It was chaired by Kate O'Flaherty, Head of Health and Wellbeing at the Department of Health.

===Guidance and Evidence Synthesis Subgroup===
The Guidance and Evidence Synthesis Subgroup was formed to facilitate information exchange on the public health and clinical guidance relating to COVID-19. The subgroup provided assurance to NPHET on coordination of surge evidence synthesis capacity to support the development of guidance.

It was chaired by Máirín Ryan, Deputy Chief Executive and Director of Health Technology Assessment at HIQA.

==Modelling group==
===Irish Epidemiological Modelling Advisory Group===
The Irish Epidemiological Modelling Advisory Group (IEMAG) was a modelling group of NPHET formed on 11 March 2020 to provide statistical support and advice to NPHET and the Chief Medical Officer. Staff at University College Dublin, University of Limerick and other mathematical researchers in Ireland were involved in developing mathematical models for stages of the COVID-19 pandemic.

It was chaired by Philip Nolan, the former president of Maynooth University.

==Disbandment==
Following speculation that NPHET would be disbanded from mid-October 2021, Taoiseach Micheál Martin confirmed that the team would cease to exist as a separate body over time and that their role and the COVID-19 vaccination taskforce would be transitioned into the normal functions of the Department of Health and the HSE, after the Government published a plan for easing most COVID-19 restrictions by 22 October. As a result of rising COVID-19 cases due to a fifth wave of COVID-19 caused by the Omicron variant, and after almost all restrictions were eased eventually in early January 2022, there were no plans for NPHET to be disbanded.

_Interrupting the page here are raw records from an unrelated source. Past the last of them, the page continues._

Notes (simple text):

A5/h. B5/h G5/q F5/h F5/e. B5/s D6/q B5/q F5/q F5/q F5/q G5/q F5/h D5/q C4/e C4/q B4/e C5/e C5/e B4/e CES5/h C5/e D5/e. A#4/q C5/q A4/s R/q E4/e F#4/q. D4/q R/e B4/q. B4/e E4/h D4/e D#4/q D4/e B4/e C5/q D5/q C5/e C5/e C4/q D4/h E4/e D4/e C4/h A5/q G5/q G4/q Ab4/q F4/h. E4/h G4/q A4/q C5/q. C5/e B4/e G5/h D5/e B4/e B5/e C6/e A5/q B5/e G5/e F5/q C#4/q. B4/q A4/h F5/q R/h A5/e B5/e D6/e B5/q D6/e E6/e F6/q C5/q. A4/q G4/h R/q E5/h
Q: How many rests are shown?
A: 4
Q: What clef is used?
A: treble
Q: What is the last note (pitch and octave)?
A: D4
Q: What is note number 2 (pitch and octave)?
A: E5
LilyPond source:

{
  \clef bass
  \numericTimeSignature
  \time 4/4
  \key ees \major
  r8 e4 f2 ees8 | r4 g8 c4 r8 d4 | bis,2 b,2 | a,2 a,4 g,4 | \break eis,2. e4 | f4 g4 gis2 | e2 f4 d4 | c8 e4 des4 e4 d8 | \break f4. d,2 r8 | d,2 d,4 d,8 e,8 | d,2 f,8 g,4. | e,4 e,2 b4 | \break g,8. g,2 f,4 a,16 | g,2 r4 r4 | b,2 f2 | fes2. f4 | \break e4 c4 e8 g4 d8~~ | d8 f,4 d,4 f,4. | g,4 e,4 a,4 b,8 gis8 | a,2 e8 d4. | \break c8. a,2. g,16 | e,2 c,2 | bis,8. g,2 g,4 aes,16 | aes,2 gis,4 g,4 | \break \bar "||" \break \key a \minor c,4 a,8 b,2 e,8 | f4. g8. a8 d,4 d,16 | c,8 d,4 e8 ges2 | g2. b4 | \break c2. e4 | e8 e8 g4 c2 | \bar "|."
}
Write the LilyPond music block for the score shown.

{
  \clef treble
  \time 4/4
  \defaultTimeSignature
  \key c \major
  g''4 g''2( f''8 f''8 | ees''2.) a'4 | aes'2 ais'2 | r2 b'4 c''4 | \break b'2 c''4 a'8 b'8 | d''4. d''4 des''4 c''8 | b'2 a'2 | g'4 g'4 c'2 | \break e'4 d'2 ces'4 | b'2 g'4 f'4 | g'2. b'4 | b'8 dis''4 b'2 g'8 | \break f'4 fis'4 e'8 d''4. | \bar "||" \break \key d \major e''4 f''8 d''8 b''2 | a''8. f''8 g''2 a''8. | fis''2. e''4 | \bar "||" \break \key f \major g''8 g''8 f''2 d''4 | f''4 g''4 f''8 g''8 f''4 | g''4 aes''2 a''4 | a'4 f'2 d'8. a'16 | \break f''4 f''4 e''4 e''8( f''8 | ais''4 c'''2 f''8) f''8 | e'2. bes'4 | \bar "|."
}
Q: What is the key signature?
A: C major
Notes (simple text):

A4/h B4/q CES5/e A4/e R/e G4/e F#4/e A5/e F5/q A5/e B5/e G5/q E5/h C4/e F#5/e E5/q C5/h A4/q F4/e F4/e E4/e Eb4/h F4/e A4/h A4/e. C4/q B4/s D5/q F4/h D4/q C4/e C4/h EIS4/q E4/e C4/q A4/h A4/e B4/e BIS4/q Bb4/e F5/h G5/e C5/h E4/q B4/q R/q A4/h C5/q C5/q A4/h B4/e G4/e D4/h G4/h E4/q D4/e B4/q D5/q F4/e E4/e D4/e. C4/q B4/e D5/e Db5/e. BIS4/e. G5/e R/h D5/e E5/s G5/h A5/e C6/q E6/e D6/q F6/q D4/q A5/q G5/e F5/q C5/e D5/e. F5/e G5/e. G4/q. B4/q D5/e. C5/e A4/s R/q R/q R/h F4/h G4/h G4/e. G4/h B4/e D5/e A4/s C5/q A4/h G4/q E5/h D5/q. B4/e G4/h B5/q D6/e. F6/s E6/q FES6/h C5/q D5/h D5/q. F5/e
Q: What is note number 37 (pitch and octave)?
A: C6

On 17 February 2022, Chief Medical Officer Tony Holohan proposed in a letter to the Minister for Health Stephen Donnelly that the NPHET be disbanded and replaced with a smaller monitoring group. It was confirmed on 22 February that the NPHET would be disbanded, but the Office of the Chief Medical Officer would continue to monitor the epidemiological profile of COVID-19.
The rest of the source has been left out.